River conservation and wildlife groups from across the region are signed up to the Charter and many were present at the launch including; River Beane Restoration Association, Friends of the Mimram, Herts & Middx Wildlife Trust, Test and Itchen Association, The Chilterns Conservation Board, Action for the River Kennet, River Chess Association, River Misbourne Action, The Wandle Trust, and the Wessex Rivers Trust.
Stephen McPartland, Member of Parliament for Stevenage, said, "The River Beane is one of only 200 chalk rivers left in the world and for many years it has been running dry near Aston. The River Beane Restoration Association has long been raising awareness of the issue of over-abstraction, which occurs when the water companies take too much water from the river.
"I have campaigned alongside them for some years now and walked along the dry riverbed last year with over 50 local campaigners to highlight how much water is being taken.

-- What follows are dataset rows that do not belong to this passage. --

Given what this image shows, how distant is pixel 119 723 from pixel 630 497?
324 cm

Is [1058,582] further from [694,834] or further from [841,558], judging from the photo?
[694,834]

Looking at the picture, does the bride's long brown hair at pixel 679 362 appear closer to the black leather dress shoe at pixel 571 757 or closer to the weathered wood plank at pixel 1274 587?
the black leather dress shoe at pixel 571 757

We are making progress here in Hertfordshire, as local Members of Parliament and campaign groups have worked together to persuade the Environment Agency to launch a recovery plan for our chalk rivers, but I want to see a start date agreed and the River Beane flowing again.
Paul Wilkinson, Head of Living Landscape at The Wildlife Trusts, said, "In the UK we have 85% of all the chalk streams on Earth. Despite this global responsibility these fragile and hugely wildlife-rich streams have been abused and overlooked. This must change and their recovery must begin. The Chalk Streams Charter is an important step in bringing chalk streams out of the shadows and giving them the care and attention they need.

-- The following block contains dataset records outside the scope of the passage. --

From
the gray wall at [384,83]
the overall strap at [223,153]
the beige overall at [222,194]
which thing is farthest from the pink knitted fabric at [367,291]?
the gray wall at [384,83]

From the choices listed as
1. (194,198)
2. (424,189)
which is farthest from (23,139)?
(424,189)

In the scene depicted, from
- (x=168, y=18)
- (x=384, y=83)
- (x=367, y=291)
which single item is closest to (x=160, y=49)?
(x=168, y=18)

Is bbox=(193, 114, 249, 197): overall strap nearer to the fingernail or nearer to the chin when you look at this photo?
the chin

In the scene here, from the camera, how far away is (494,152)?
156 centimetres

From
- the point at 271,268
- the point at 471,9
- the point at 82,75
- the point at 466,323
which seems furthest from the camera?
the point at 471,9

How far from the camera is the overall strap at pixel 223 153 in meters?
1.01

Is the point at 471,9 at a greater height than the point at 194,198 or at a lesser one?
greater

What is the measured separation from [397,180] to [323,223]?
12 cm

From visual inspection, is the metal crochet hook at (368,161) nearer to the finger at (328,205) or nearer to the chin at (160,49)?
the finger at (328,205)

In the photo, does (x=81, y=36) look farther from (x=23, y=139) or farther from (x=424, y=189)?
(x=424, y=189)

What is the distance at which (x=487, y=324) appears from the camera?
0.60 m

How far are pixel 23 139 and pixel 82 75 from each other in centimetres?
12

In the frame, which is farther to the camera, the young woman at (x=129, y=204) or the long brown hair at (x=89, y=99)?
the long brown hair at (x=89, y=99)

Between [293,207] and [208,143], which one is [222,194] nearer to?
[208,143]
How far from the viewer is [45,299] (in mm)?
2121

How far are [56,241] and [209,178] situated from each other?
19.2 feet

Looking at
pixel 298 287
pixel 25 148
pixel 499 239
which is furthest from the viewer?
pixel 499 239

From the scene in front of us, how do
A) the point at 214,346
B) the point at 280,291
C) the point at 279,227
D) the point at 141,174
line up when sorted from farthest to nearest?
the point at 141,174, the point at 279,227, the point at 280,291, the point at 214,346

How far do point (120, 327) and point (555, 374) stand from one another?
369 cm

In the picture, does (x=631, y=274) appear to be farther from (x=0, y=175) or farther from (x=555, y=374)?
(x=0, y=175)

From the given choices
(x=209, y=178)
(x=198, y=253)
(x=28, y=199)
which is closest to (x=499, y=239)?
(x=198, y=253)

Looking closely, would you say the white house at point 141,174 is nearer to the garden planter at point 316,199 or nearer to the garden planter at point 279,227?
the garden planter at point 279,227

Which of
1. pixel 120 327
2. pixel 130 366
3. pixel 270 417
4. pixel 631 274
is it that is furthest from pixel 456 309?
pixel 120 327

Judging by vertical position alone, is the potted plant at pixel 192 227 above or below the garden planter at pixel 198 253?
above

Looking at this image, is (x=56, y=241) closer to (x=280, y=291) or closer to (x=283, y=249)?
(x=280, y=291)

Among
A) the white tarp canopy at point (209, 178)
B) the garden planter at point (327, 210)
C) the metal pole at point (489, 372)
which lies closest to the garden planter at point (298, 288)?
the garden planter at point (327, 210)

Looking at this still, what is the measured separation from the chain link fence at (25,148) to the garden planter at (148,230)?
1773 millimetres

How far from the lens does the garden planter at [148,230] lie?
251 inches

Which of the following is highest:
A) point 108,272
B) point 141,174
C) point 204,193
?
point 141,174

"It’s fitting that the Charter has been launched in Hertfordshire, as a recovery plan for two of this county’s beleaguered chalk rivers, the Mimram and the Beane, was launched this year. Hosted by Herts and Middlesex Wildlife Trust, the plan is bringing statutory agencies, environmental charities, local landowners, community organisations and river groups together to restore and protect these special waterways."

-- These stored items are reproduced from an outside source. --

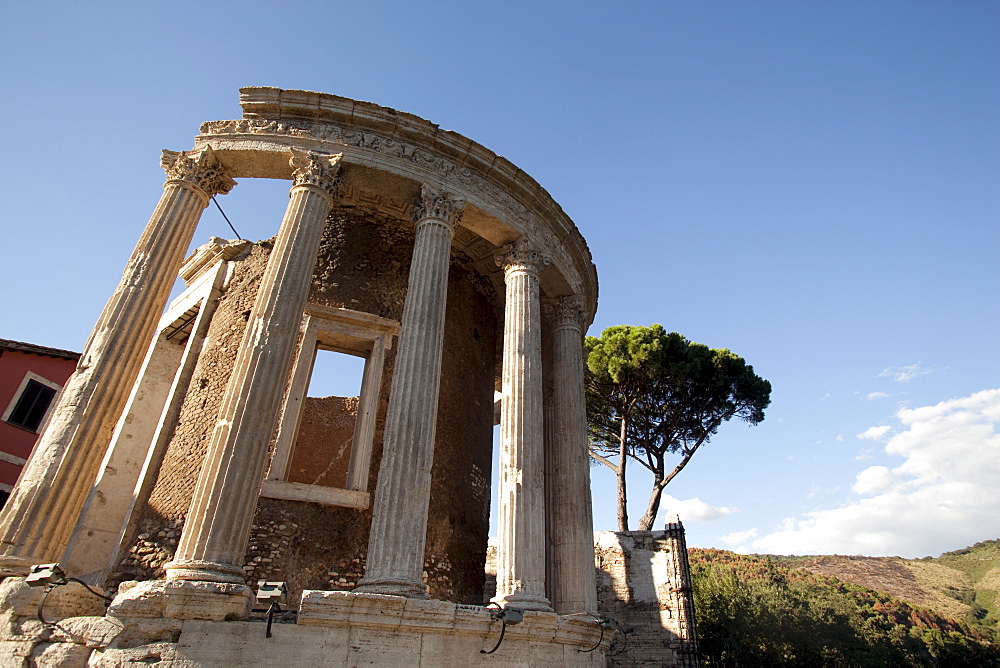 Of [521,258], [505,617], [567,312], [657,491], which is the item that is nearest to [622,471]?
[657,491]

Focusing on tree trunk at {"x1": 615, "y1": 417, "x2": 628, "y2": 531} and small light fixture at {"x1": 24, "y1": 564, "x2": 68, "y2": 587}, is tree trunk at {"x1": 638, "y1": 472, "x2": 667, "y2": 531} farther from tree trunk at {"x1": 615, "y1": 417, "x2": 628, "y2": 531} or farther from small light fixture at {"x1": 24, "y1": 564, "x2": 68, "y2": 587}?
small light fixture at {"x1": 24, "y1": 564, "x2": 68, "y2": 587}

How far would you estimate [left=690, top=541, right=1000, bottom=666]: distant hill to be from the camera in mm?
20297

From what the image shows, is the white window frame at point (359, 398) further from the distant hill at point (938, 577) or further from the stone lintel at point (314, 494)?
the distant hill at point (938, 577)

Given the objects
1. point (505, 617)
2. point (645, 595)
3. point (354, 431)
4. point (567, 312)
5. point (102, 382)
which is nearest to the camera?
point (505, 617)

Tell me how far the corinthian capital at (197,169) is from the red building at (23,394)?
10411 mm

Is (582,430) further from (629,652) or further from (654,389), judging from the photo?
(654,389)

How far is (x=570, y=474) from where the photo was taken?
34.6ft

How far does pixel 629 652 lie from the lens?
48.9 ft

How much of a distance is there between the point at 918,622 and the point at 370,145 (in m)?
38.7

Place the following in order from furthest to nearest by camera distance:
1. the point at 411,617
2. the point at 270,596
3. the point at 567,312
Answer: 1. the point at 567,312
2. the point at 411,617
3. the point at 270,596

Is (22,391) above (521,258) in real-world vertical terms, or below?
below

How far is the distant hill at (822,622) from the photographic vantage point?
66.6 feet

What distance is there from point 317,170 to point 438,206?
1.92 meters

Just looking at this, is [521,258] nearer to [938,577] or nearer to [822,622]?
[822,622] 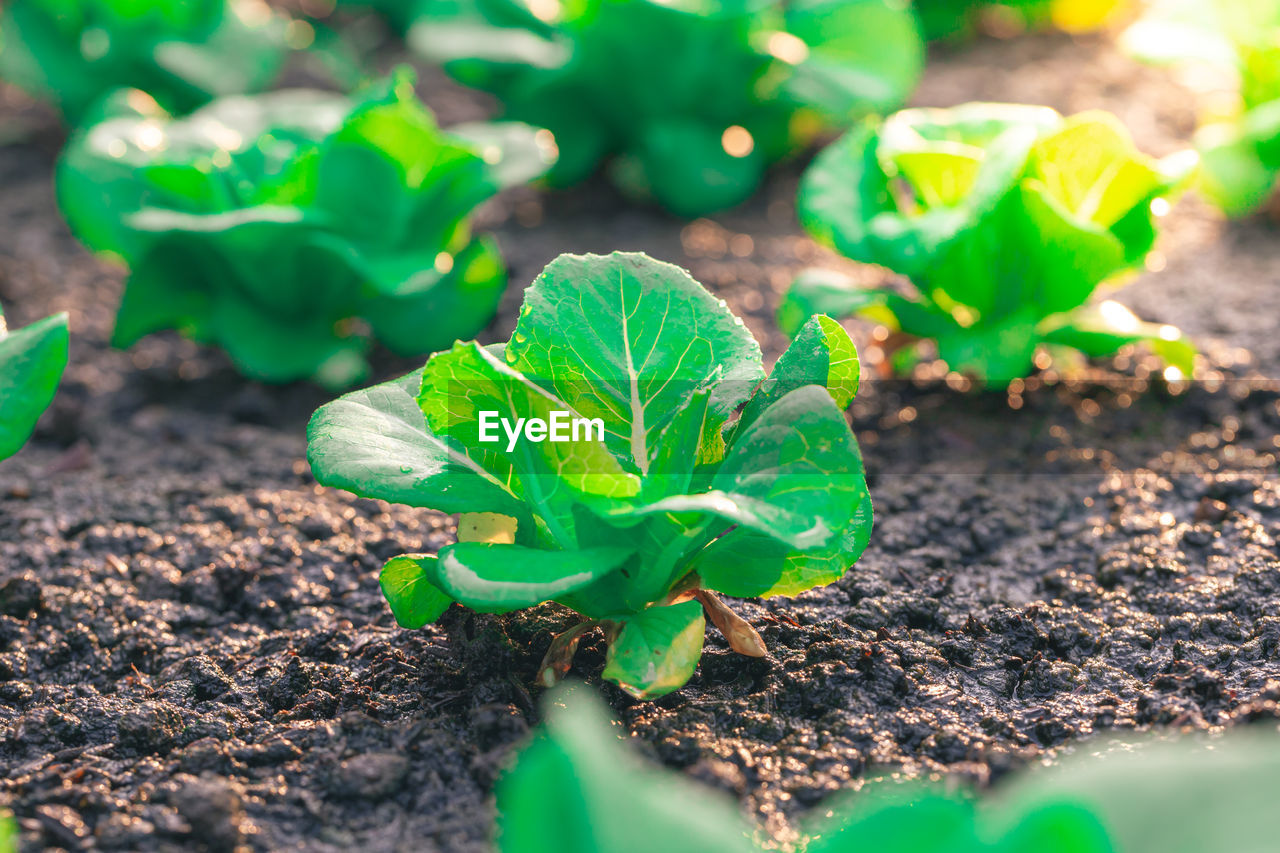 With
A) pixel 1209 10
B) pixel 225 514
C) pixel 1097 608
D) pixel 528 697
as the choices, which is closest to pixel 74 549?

The Charter states: The UK’s stewardship of 85% of the worlds chalk streams has been lamentable with many iconic rivers suffering from over abstraction, habitat destruction, pollution and invasive species. Both our development control and water resource planning processes are woefully inadequate. Chalk aquifers have been over exploited as an easy and cheap source of ready filtered water at the expense of the environment in general and chalk streams in particular. There is an urgent need for abstraction reform and far greater use of reservoir storage of winter run off rather than depleting groundwater sources. Scarce water is wasted as there is little effective demand management. We cannot go on like this.